** Opening Data to process block **
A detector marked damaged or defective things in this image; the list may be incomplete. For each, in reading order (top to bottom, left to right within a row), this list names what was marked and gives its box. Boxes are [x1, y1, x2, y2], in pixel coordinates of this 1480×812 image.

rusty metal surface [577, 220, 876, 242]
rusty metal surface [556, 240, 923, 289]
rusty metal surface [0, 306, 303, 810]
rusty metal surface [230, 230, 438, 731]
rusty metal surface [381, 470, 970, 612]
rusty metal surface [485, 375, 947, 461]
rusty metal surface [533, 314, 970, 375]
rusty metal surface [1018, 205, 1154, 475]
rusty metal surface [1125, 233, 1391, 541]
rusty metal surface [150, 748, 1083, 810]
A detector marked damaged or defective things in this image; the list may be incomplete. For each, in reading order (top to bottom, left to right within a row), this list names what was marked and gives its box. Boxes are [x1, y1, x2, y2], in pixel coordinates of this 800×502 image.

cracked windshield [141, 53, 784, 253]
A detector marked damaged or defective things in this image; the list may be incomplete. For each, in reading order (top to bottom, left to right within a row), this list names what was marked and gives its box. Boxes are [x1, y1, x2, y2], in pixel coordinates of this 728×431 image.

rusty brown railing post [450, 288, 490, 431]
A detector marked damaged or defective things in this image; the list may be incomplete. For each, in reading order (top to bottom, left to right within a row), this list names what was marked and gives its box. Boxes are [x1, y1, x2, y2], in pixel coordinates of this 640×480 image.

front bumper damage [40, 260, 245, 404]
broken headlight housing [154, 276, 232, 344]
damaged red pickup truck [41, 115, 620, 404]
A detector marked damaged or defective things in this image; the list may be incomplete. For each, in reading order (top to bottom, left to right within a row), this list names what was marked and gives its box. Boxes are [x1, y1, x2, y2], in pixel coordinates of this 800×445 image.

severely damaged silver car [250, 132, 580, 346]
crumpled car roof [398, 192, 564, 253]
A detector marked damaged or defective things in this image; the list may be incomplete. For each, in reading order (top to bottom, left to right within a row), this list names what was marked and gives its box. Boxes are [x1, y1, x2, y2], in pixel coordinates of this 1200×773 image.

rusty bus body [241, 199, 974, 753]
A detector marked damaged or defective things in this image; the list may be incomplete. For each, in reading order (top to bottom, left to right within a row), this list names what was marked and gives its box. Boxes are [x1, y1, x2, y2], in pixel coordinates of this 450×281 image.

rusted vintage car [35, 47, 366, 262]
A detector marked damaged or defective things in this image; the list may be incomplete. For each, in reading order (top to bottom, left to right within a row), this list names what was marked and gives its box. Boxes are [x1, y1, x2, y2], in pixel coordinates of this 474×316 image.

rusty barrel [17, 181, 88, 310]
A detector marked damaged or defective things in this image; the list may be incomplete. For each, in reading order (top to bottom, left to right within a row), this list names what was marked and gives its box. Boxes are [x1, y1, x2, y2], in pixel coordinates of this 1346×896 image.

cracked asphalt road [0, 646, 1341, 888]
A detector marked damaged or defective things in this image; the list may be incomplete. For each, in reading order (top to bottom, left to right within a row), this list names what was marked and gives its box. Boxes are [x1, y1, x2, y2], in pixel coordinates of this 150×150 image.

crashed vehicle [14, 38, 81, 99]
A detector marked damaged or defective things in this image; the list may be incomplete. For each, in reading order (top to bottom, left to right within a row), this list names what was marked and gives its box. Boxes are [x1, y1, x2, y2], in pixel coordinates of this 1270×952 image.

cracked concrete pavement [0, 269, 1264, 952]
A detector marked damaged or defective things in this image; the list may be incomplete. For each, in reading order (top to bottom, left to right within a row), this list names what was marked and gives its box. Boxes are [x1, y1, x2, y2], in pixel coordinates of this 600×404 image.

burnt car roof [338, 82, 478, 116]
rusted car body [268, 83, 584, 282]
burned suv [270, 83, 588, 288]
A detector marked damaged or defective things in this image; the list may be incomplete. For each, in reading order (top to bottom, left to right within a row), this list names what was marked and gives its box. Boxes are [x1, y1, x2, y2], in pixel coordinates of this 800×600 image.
** Closing Data to process block **
■ **Instructions for the task**
Copy the records above exactly.

■ **Result**
A detector marked damaged or defective things in this image; the list may be incomplete. For each, in reading order (top to bottom, left to right within a row), this list names what was marked and gives its box. Boxes are [x1, y1, x2, y2], in pixel coordinates of this 1480×812 image.

rusty metal surface [577, 220, 876, 242]
rusty metal surface [556, 240, 923, 289]
rusty metal surface [0, 306, 303, 810]
rusty metal surface [230, 230, 438, 731]
rusty metal surface [381, 470, 970, 612]
rusty metal surface [485, 375, 947, 461]
rusty metal surface [533, 314, 970, 375]
rusty metal surface [1018, 205, 1154, 475]
rusty metal surface [1125, 233, 1391, 541]
rusty metal surface [150, 748, 1083, 810]
A detector marked damaged or defective things in this image; the list may be incomplete. For each, in reading order (top to bottom, left to right within a row), this list names what was marked and gives its box. Boxes are [x1, y1, x2, y2], in pixel coordinates of this 800×502 image.

cracked windshield [141, 53, 784, 253]
A detector marked damaged or defective things in this image; the list may be incomplete. For each, in reading order (top to bottom, left to right within a row), this list names what was marked and gives its box. Boxes are [x1, y1, x2, y2], in pixel coordinates of this 728×431 image.

rusty brown railing post [450, 288, 490, 431]
A detector marked damaged or defective things in this image; the list may be incomplete. For each, in reading order (top to bottom, left to right within a row), this list names what was marked and gives its box. Boxes are [x1, y1, x2, y2], in pixel coordinates of this 640×480 image.

front bumper damage [40, 260, 245, 404]
broken headlight housing [154, 276, 232, 344]
damaged red pickup truck [41, 115, 620, 404]
A detector marked damaged or defective things in this image; the list may be incomplete. For each, in reading order (top to bottom, left to right within a row), this list names what was marked and gives its box. Boxes are [x1, y1, x2, y2], in pixel coordinates of this 800×445 image.

severely damaged silver car [250, 132, 580, 346]
crumpled car roof [398, 192, 564, 253]
A detector marked damaged or defective things in this image; the list may be incomplete. For each, in reading order (top to bottom, left to right within a row), this list names what was marked and gives its box. Boxes are [x1, y1, x2, y2], in pixel coordinates of this 1200×773 image.

rusty bus body [241, 199, 974, 753]
A detector marked damaged or defective things in this image; the list may be incomplete. For each, in reading order (top to bottom, left to right within a row), this list names what was marked and gives its box. Boxes are [x1, y1, x2, y2], in pixel coordinates of this 450×281 image.

rusted vintage car [35, 47, 366, 262]
A detector marked damaged or defective things in this image; the list may be incomplete. For each, in reading order (top to bottom, left to right within a row), this list names what was marked and gives its box. Boxes are [x1, y1, x2, y2], in pixel coordinates of this 474×316 image.

rusty barrel [17, 181, 88, 310]
A detector marked damaged or defective things in this image; the list may be incomplete. For each, in reading order (top to bottom, left to right within a row), this list names what was marked and gives its box. Boxes are [x1, y1, x2, y2], in pixel coordinates of this 1346×896 image.

cracked asphalt road [0, 646, 1341, 888]
A detector marked damaged or defective things in this image; the list may be incomplete. For each, in reading order (top to bottom, left to right within a row), this list names what was marked and gives its box. Boxes are [x1, y1, x2, y2], in pixel coordinates of this 150×150 image.

crashed vehicle [14, 38, 81, 99]
A detector marked damaged or defective things in this image; the list may be incomplete. For each, in reading order (top to bottom, left to right within a row), this list names what was marked and gives its box. Boxes are [x1, y1, x2, y2], in pixel coordinates of this 1270×952 image.

cracked concrete pavement [0, 269, 1264, 952]
A detector marked damaged or defective things in this image; the list may be incomplete. For each, in reading order (top to bottom, left to right within a row), this list names what was marked and gives its box. Boxes are [x1, y1, x2, y2], in pixel coordinates of this 600×404 image.

burnt car roof [338, 82, 478, 116]
rusted car body [268, 83, 584, 282]
burned suv [270, 83, 588, 288]
A detector marked damaged or defective things in this image; the list may be incomplete. For each, in reading order (top to bottom, left to right within a row), this list names what was marked and gives its box. Boxes are [x1, y1, x2, y2], in pixel coordinates of this 800×600 image.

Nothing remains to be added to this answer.